* **What the exercise asks**
Word for word, copy the lines beginning at the one with "Any Season Heating & Cooling Inc. Logo" and ending at the last line below; pictures stay out.

* **Information shown**
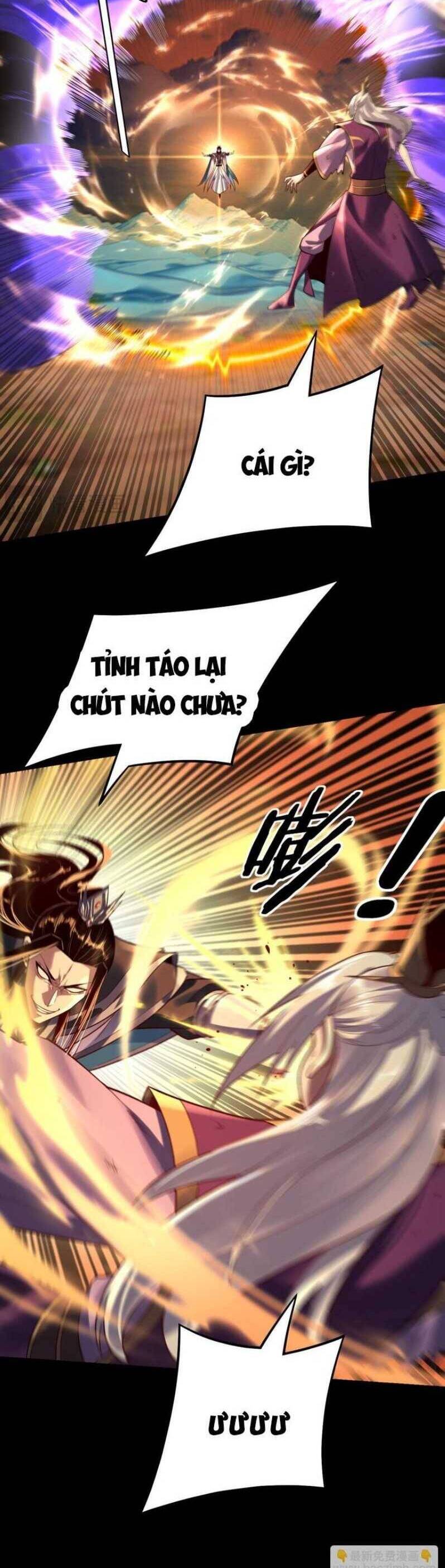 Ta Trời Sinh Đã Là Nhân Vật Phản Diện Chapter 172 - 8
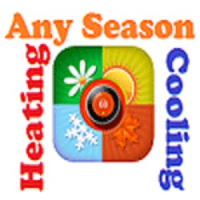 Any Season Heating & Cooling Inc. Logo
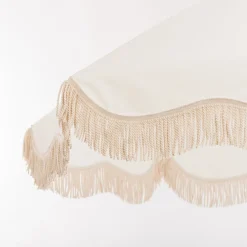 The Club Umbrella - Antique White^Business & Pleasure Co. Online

* **Response to this task**
 Any Season Heating & Cooling Inc. Logo
 The Club Umbrella - Antique White^Business & Pleasure Co. Online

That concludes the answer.